Assignment: Drop the images; return everything else in the listing below exactly.

---------- Provided data

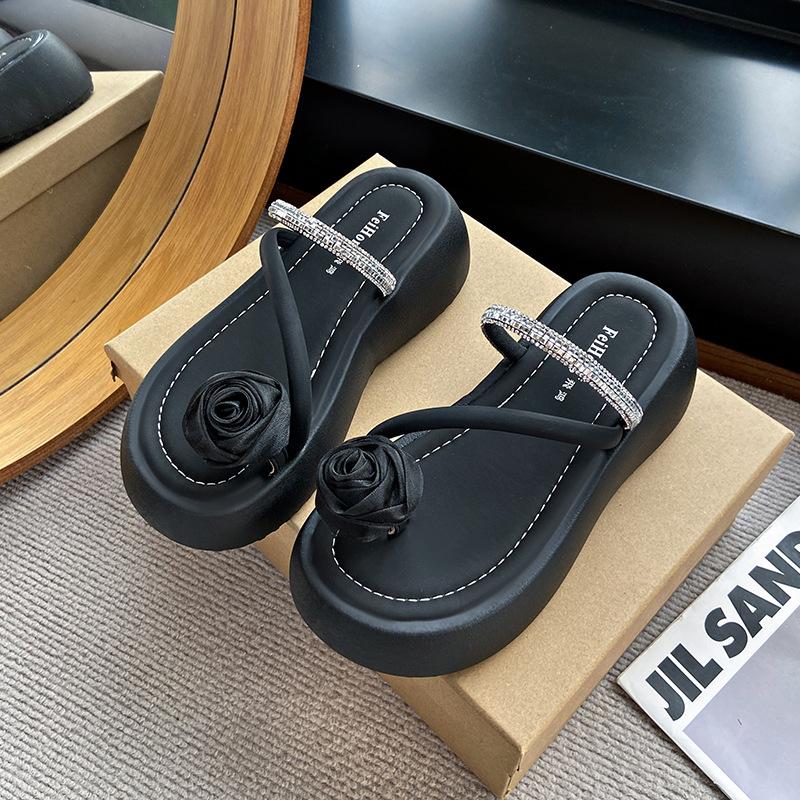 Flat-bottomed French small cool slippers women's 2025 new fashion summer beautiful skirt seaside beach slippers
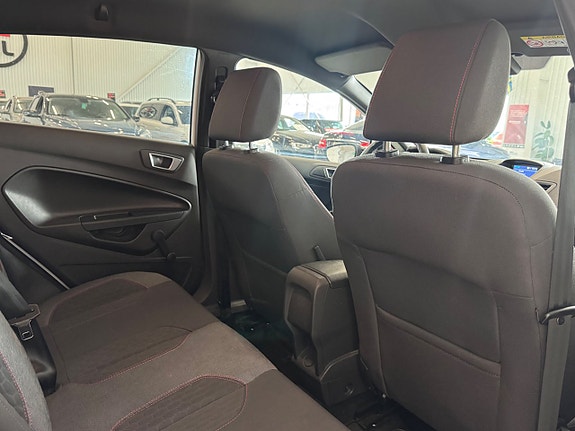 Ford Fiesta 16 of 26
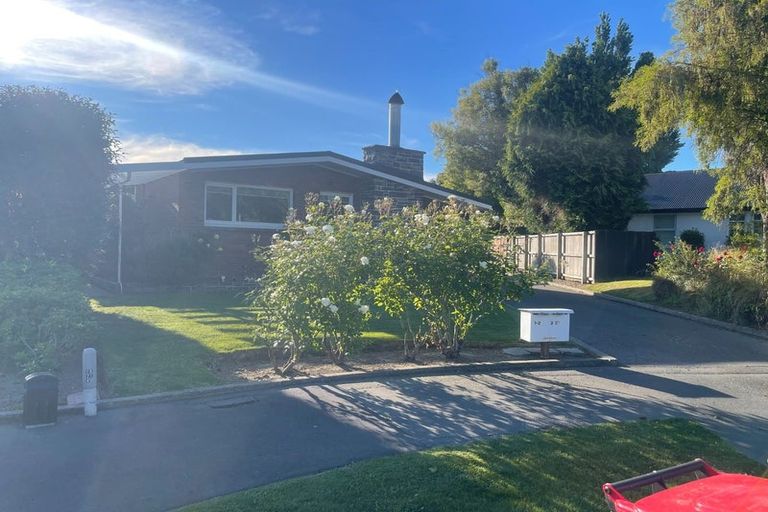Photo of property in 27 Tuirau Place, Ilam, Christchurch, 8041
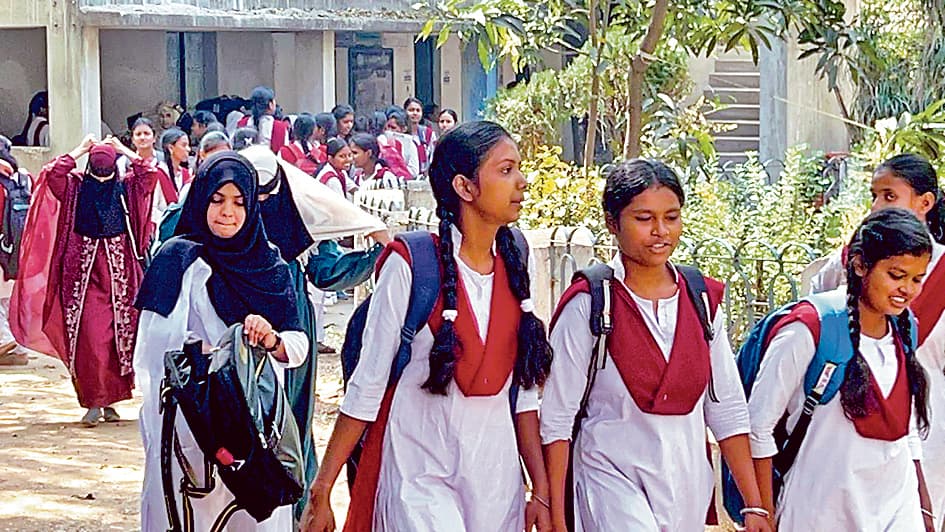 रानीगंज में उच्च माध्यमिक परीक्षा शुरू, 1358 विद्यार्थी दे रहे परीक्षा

--------------------

Solution to the exercise:
 Flat-bottomed French small cool slippers women's 2025 new fashion summer beautiful skirt seaside beach slippers
 Ford Fiesta 16 of 26
Photo of property in 27 Tuirau Place, Ilam, Christchurch, 8041
 रानीगंज में उच्च माध्यमिक परीक्षा शुरू, 1358 विद्यार्थी दे रहे परीक्षा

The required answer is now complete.